Carlos sentirá remordimientos el resto de su vida por haber dejado a Ana sola en casa. De hecho, uno de los reproches que le hizo la censura franquista fue el de no entender por qué debería Carlos de haberse sentido culpable por ello.
Poco después del estreno de la película, el hijo de Lorenzo Llobet Gràcia falleció. Vida en sombras no funcionó bien en taquilla y Llobet Gràcia se arruinó. Él había producido su propia película. No pudo volver a dirigir otra película más, pero la fuerza del cine que nos deja es mucho más luminosa que el que hayan podido dejarnos tantísimos otros realizadores que han tenido la posibilidad de rodar mucho más.
Un coto de caza
El último contraplano de esta serie de imágenes llega con el final de La caza (Saura, 1966). Enrique, interpretado por un jovencísimo Emilio Gutiérrez Caba, corre por su vida. Saura fija ese plano para siempre. Enrique está congelado, ¿quién sabe ya hasta dónde y hasta cuándo?

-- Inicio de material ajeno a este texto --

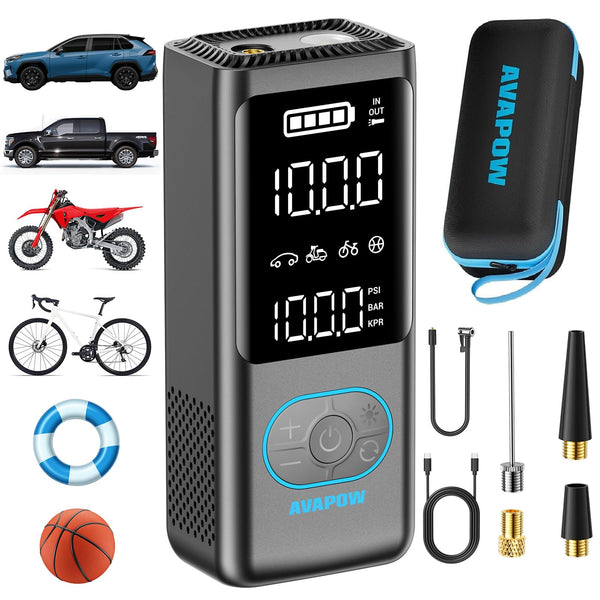 AVAPOW Tire Inflator Portable Air Compressor, 150 PSI Cordless Car Tire Air Pump, 3.7″ LCD Screen, Auto-Shuts Off Tire Pump for Motorcycle,Bike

Tres amigos se encuentran para salir a cazar a un coto en el que tuvo lugar una de las batallas de la Guerra Civil. Tiene interés señalar que uno de esos amigos, Paco, fue interpretado por Alfredo Mayo, alter ego de Franco en Raza (Sáenz de Heredia, 1942). Cuando los amigos llegan al coto, se oye decir a uno de ellos: “A montones murieron aquí, y ahora solo quedan los agujeros. Buen lugar para matar”.
Todo está relacionado
Una niña que descubre el cine por primera vez, un gran cineasta que se sumerge en su primera experiencia como espectador, un cineasta amateur que sale a la calle a filmar la guerra y encuentra a su mujer muerta en casa, un hombre que ya no puede correr más. Puede que todas esas imágenes guarden entre ellas una relación íntima y decisiva.
Y el cine nos habrá salvado. Una vez más.